If you’re using 6 gallons of diesel per day and 1/2, your current heating requirements are about 480,000 BTU per day assuming 80% efficiency of your furnace. It would take about 4 of these 5000 BTU/hr heaters running 24 hours a day to produce that much heat. Assuming an electricity cost of $.10/kWh, your electric bill would be an additional $430/month if you did that. I checked the price of heating oil and it’s at $2.74/gallon and so there would probably be no savings in converting from diesel to home heating oil. Based on your 4 gallon/day usage, your heating bill is approaching $300/month assuming you’re getting it for $2.50/gallon.
The easiest way to reduce heating costs in the winter is to reduce your home’s temperature. In general, each 1 degree F lower you can set your thermostat, you’ll see a 3% decrease in your heating bill. The biggest potential for savings are at night, since you’re sleeping and you won’t even know the rest of the house is cold. You could use an electric blanket and comfortably reduce your home’s temperature by as much as 10 degrees at night, but if you do that, I’d suggest using a programmable thermostat to set it back about an hour before you get up, or else you’ll be reluctant to get out of your warm bed. 🙂
I don’t know if natural gas in an option for you, but its cost per BTU is about half of what people pay for oil and propane. And a heat pump may also be an option, which is about 3x more efficient than a resistive type heater, but they are quite a bit more expensive than a traditional furnace, so there are more up-front costs. And should the temperature drop below 0 degrees F, they tend to use a resistive heater as a backup, so they get very expensive to use when you need heat the most.
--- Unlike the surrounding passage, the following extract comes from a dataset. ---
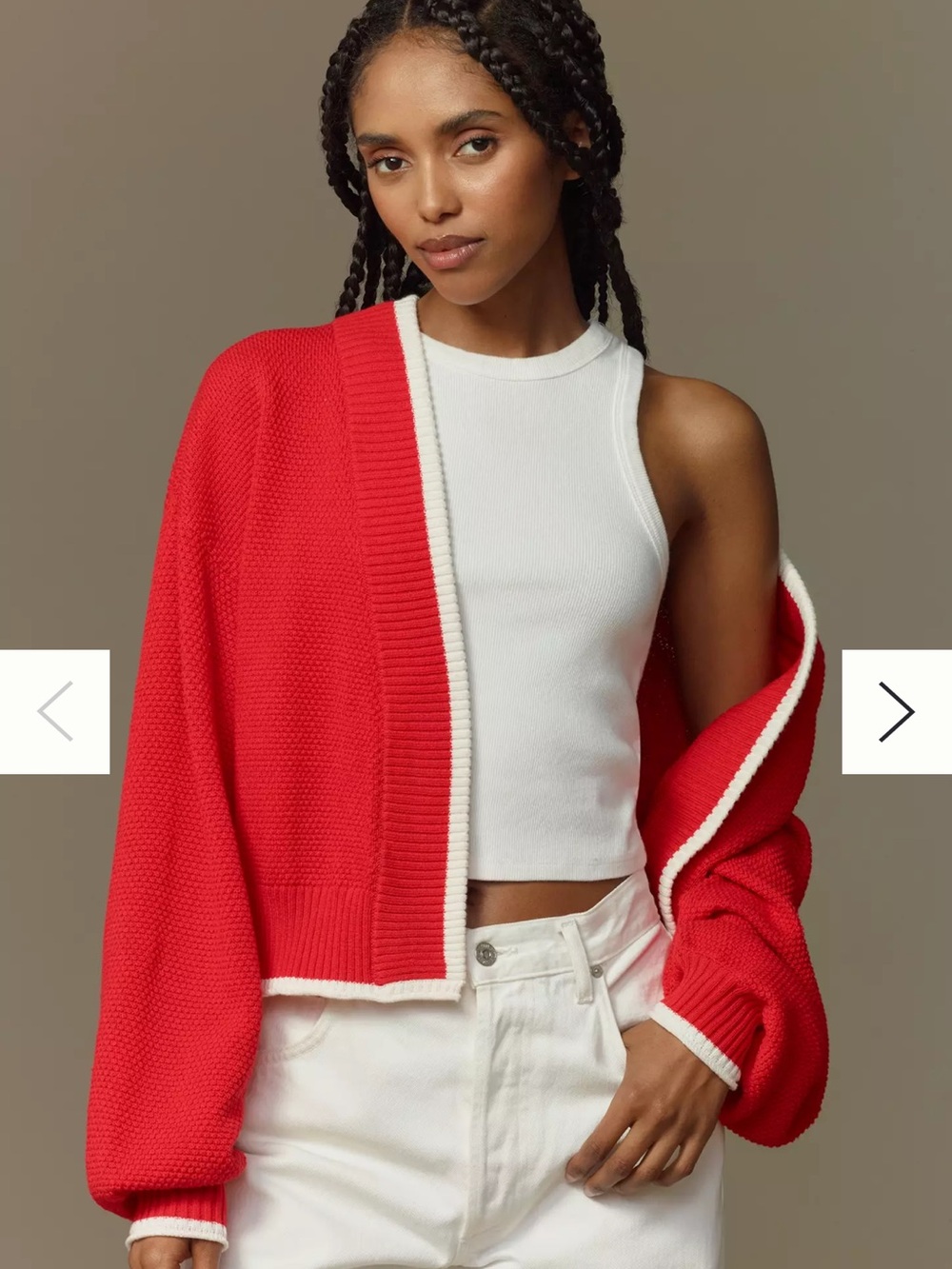 Anthropologie - The Livvy Waffle Knit Cardigan Sweater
As someone who was raised in Northern Indiana in an area populated with Amish, I can 99.99% guarantee you that the Amish have nothing to do with this product. If you notice on their website, they actually capitalize Amish Craftmanship, as if its a product. Furthermore, it is correct that Amish do not like to have their pictures taken. I can’t imagine any Amish person allowing themselves to be in a TV commercial. Also, every single Amish person I have ever met has an accent. Their first language is not English. They speak English, but to each other, they speak Pennsylvania Dutch. It gives them an accent that sounds quite German. The man on the TV had a southern accent.
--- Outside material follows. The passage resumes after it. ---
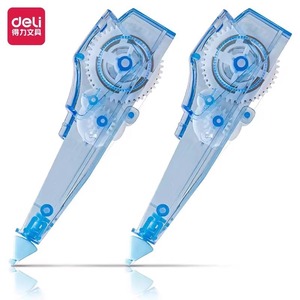 Recharge de ruban correcteur Deli 5 mm, en forme de stylo, transparente, pour étudiants - Product Image 1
This company should be stopped! Not only are they taking advantage of customers by ripping them off with their scams, but they are taking advantage of the Amish as well. They are using the good Amish name to sell a piece of crap heater from China. And, I’m sure their lawyers have already checked and found out that the Amish would not sue them because of their religious beliefs. It is absolutely despicable what they are doing. I would rather freeze to death than give them my money.